Local variables are then renamed to be unique (using the gensym function, which generates new symbols), and global variables are resolved within the macro definition environment.
And you can escape the hygienic by esc
, e.g.
macro zerox() return esc(:(x = 0)) end
A common pattern:
for op = (:sin, :cos, :tan, :log, :exp) eval(:(Base.$op(a::MyNumber) = MyNumber($op(a.x)))) end
3 Standard library
3.1 string
interpolation:
var = 5
"$var-$(now())"
concatenation:
"hello" * "world"
findfirst(isequal('c'), "abcdc") findnext(isequal('c'), "abcdc", 3) occursin("world", "hello world") startswith(s, prefix) endswith(s, suffix) strip(s)
regular expression:
occursin(r"^\s*(?:#|$)", "# a comment") m = match(r"(a|b)(c)?(d)", "acd") m.match m.captures m.offset m.offsets replace("a", r"." => s"\g<0>1") # => "a1"
parse:
parse("123", Int)
3.2 I/O
IO descriptors
- Base.stdout
- Base.stderr
- Base.stdin
Open file:
open("myfile.txt", "w") do io write(io, "Hello world!") end
Read and write:
- write(io, x)
- flush(io)
- read(io, String): read all content
- read(io, Char): read a char
- readline(io)
- readlines(io)
- eachline(io): similar to readlines, but this is iterable
- readuntil(io, delim)
seek and position:
- position(io): return the current position
- seek(io, pos): seek to pos
To test IO functions, use io=IOBuffer("hello world")
3.3 FS
In Base.Filesystem
walking dir:
readdir("/path/to/dir") # => array of filenames and dirnames for (root, dirs, files) in walkdir(".") println("Directories in $root") for dir in dirs println(joinpath(root, dir)) # path to directories end println("Files in $root") for file in files println(joinpath(root, file)) # path to files end end isdir(path) isfile(path)
Modifying:
mkdir("/path/to/dir") mkpath("/this/is/mkdir/-p/") cp(src, dst) mv(src, dst) rm(path) touch(path) chmod() chown()
Tempdir
mktemp() # => (path, io), this is temp file mktempdir() # => path
pathname:
dirname(path) basename(path) joinpath(parts...) splitpath(path) # remove . and .. normpath(path) expanduser(path)
3.4 random numbers
basic:
rand() # N(0,1) randn() randstring('a':'z', len=8) randperm() shuffle() seed!(1234)
use a custom generator:
using Distributions
dist = MvNormal(11, 1)
rand(dist, 100)
3.5 network
download(url, localfile)
3.6 Useful functions
sortperm(v)
: Return a permutation vector I that puts v[I] in sorted order.findfirst(predicate::Function, A)
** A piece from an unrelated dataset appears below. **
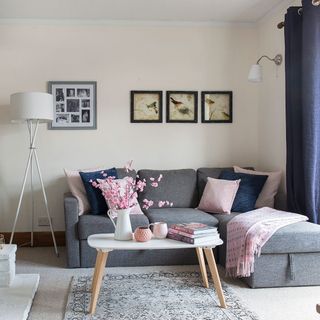 living room with white wall grey floor mat and grey sofa set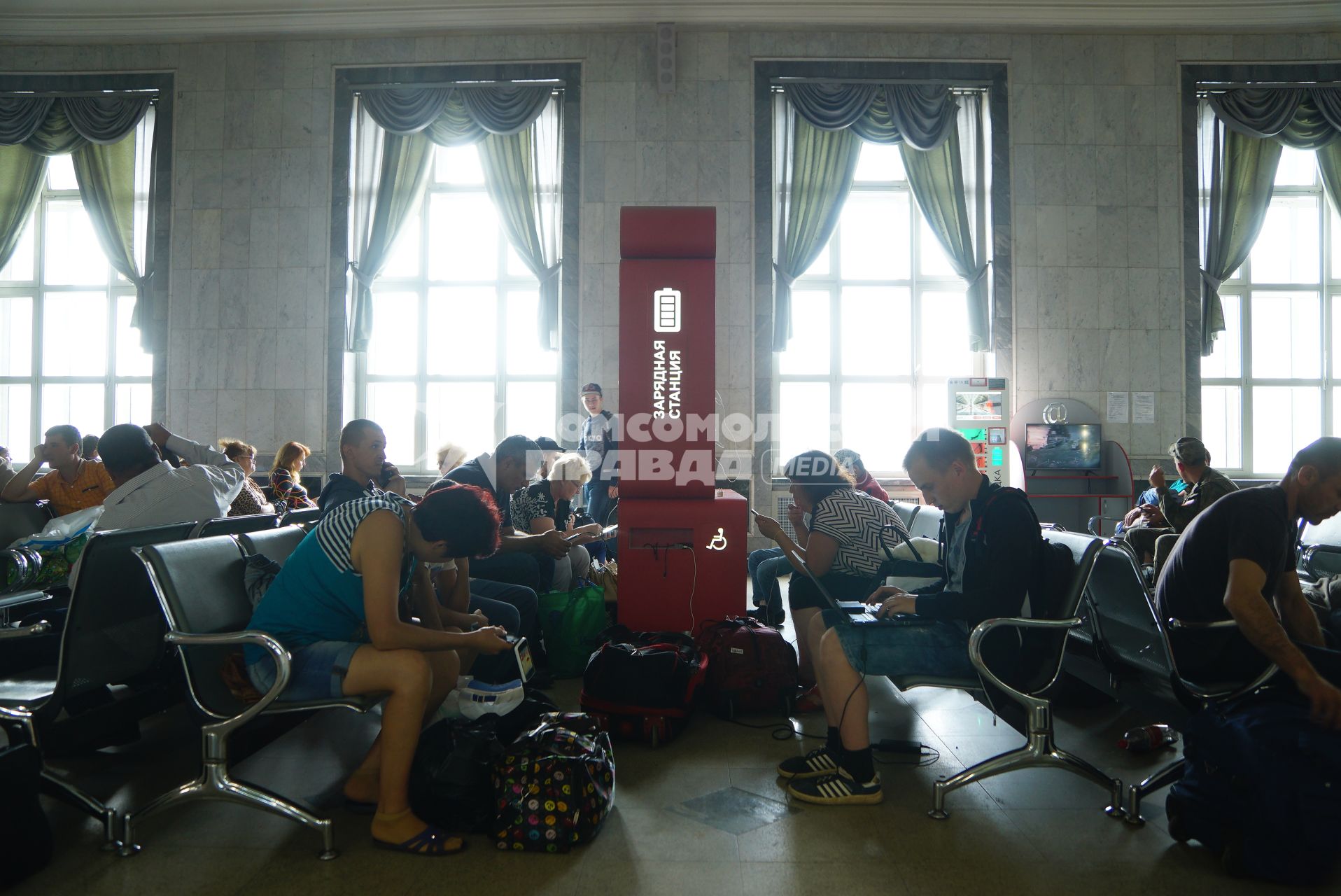 Екатеринбург. Пассажиры железнодорожного вокзала в зале ожидания у зарядной станции.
: Return the index or key of the first element of A for which predicate returns true.mapreduce(f, op, itrs...; [init])
: Apply function f to each element(s) in itrs, and then reduce the result using the binary function op
intuitive ones:
- reverse
- abs
- median
4 Tools
4.1 profiling
- manual: https://docs.julialang.org/en/v1/manual/profile/
- graphical viewer: timholy/ProfileView.jl
Profile.init(n = 10^7, delay = 0.01)
Profile.clear()
@profile foo()
Profile.print()
4.2 Using Pkg
using Pkg Pkg.add(PackageSpec(url="https://github.com/lihebi/julia-repl", rev="master"))
To develop a project:
Pkg.develop(PackageSpec(url="https://github.com/lihebi/julia-repl"))
Then view the current pkg status:
Pkg.status()
You will see:
EmacsREPL v0.1.0 [`~/.julia/dev/EmacsREPL`]
5 Third-party Libraries
5.2 web & servers
- JuliaWeb/JuliaWebAPI.jl: this is interesting, it wraps a julia function as a remote callable API.
- GenieFramework/Genie.jl: this is a MVC framework, for building web apps with sophiscated routing. It should work but probably too complex for my purpose.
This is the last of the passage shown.